The country/western track heard towards the beginning when Ashley is in the radio studio is an early 1970s Björn & Benny song, "Please Change Your Mind", performed by Nashville Train. The song was also recorded by this Swedish country band (several of the musicians are from ABBA's own studio band) and released on their 1977 album ABBA Our Way.

==Production==
Hallström indicated that the script and plot concept was "conceived on the plane on the way to Australia". Initially, 16 mm film was to be used but producers upgraded the project to 35 mm Panavision technology.

Filming took place primarily in Australia, with some additional scenes filmed in ABBA's native Sweden (but still set in Australia).
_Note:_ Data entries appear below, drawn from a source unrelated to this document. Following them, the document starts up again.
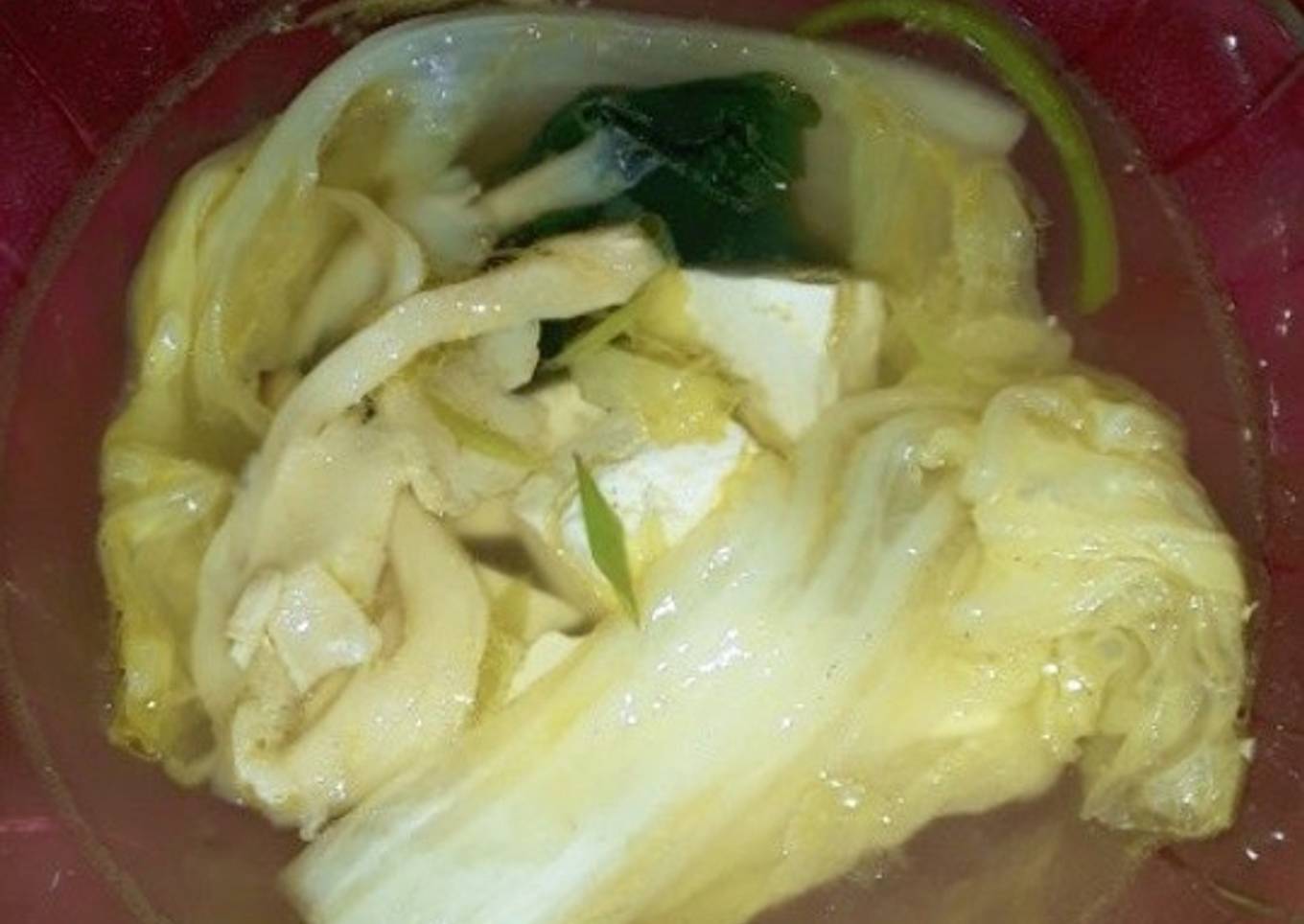 Kuah bening tahu sabayur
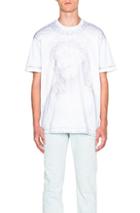 Givenchy Jesus Print Tee In Blue
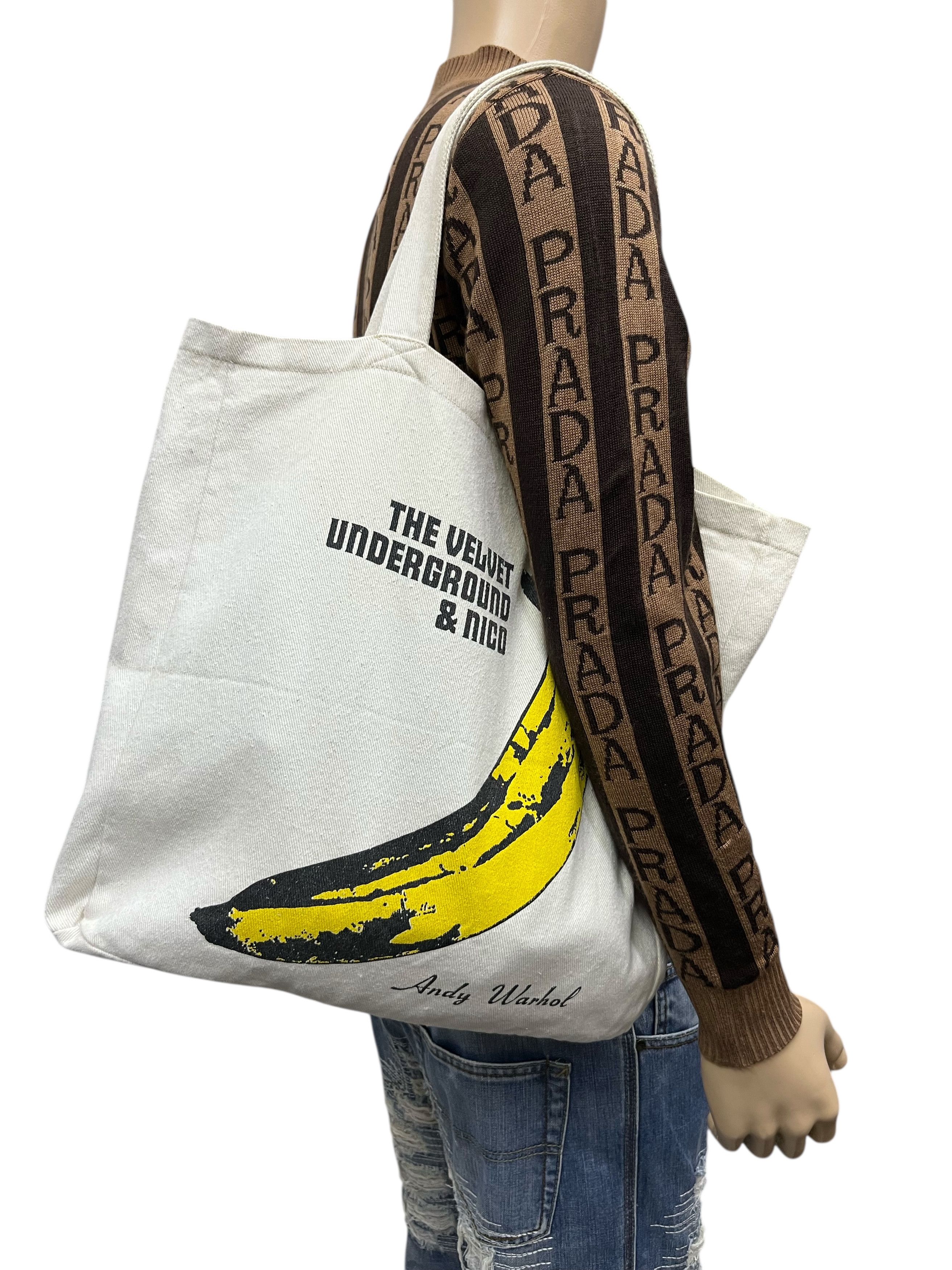 Andy Warhol Iconic The Velvet Underground & Nico Tote Bag in White, Men's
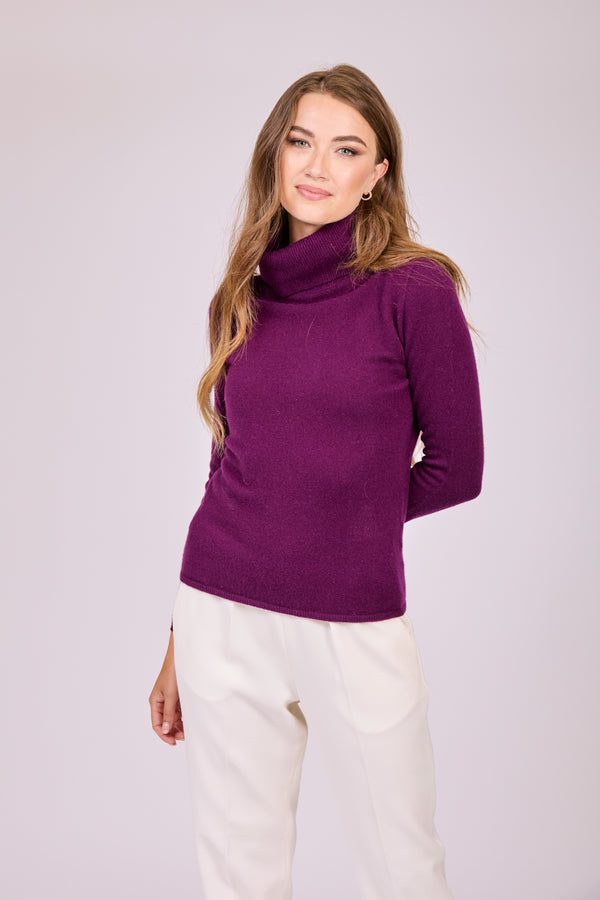 JUMPER OVERSIZE COLLAR - PETALE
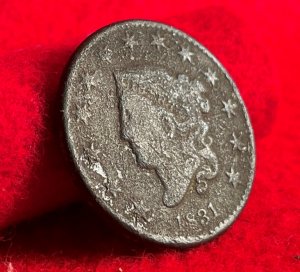 Large US "Liberty Head" One Cent - Dated 1831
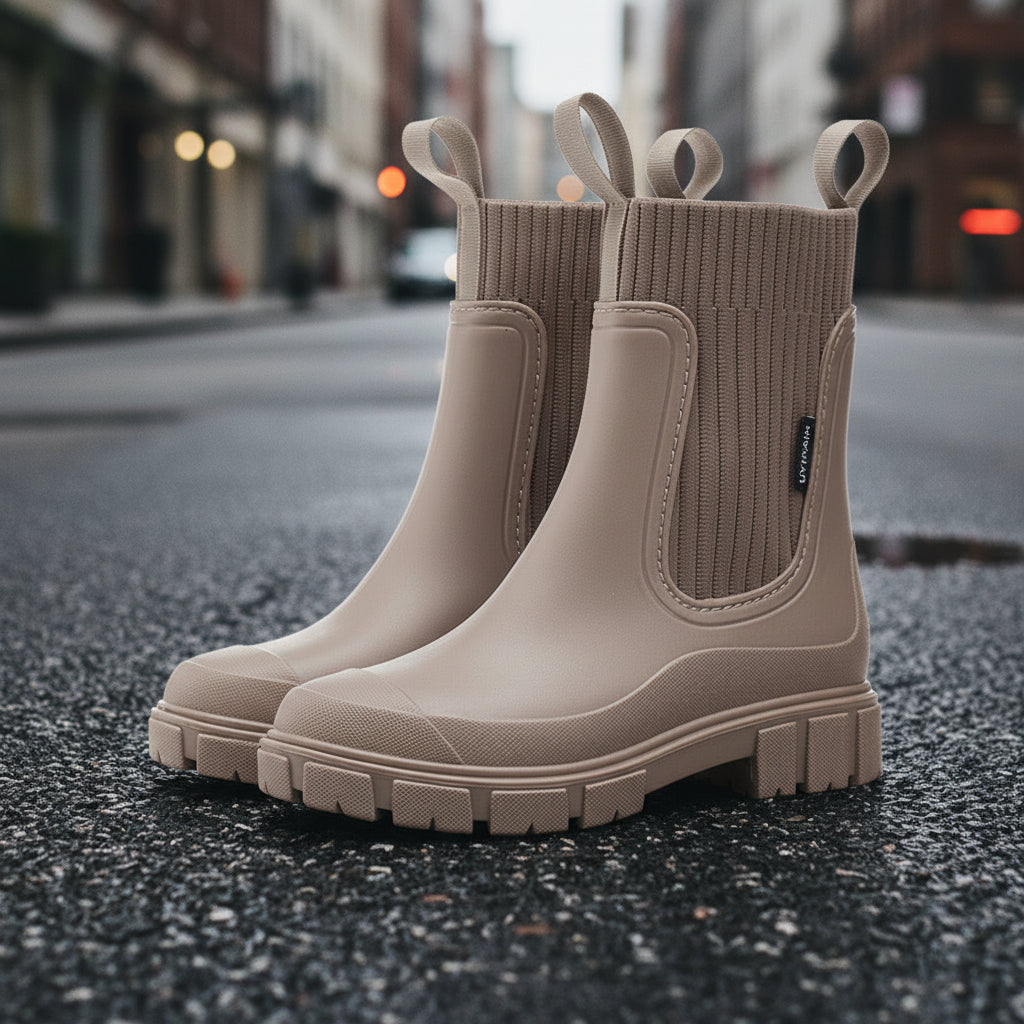 Botas de Lluvia Impermeables con Alza Interna para Mujer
The sequences for the songs "Name of the Game", "Eagle" and "Thank You for the Music" were all filmed in Stockholm in June 1977, among the final work completed for the movie. During August and September 1977, overdubs were recorded for the live tracks.

==Release==
ABBA: The Movie was first released in December 1977. The film was presented in several Eastern Bloc nations, including the Soviet Union where it was screened at two movie houses in Moscow. The film went on wide release in the USSR in 1982, where it became one of the hits of the year, gathering an audience of 33.2 million viewers.

A theatrical re-release occurred across Europe during July and August 2008 (around the time of the worldwide rollout of the ABBA-themed movie musical Mamma Mia!) in the UK, Ireland, the Netherlands, Norway, Germany and Austria.

On 17 and 19 September 2023, the film was re-released in cinemas for the group's 50th anniversary, its first wide release in Europe and in North and South America. However, Australia was excluded from this engagement, as lead actor Robert Hughes had gained notoriety in the country for being convicted of sexual offences against children in 2014.

===Home media===
To date, four home releases have been issued: a single-disc DVD, a two-disc, special-edition DVD, a single-disc Blu-ray, and a now-defunct single-disc HD DVD. All releases above feature a restored print with bonus material. The initial DVD, including digital restoration, was released by SBS in Australia on 2 October 2005.

==Reception==

Margaret Geddes of Australian newspaper The Age concluded that the film was "slick, competent and even for the non-convert entertaining."

Keith Phipps of Rolling Stone said, "it's an act of brand extension, sure, but it's a lot more fun than the obligatory piece of product its title suggests", adding that it was ABBA's version of A Hard Day's Night.

In a 2012 review, Brian Orndorf writes "[the movie] is a strange hybrid of performance sequences, documentary footage, and staged shenanigans, yet it braids together wonderfully, creating a time capsule experience that's precious to any fan of ABBA".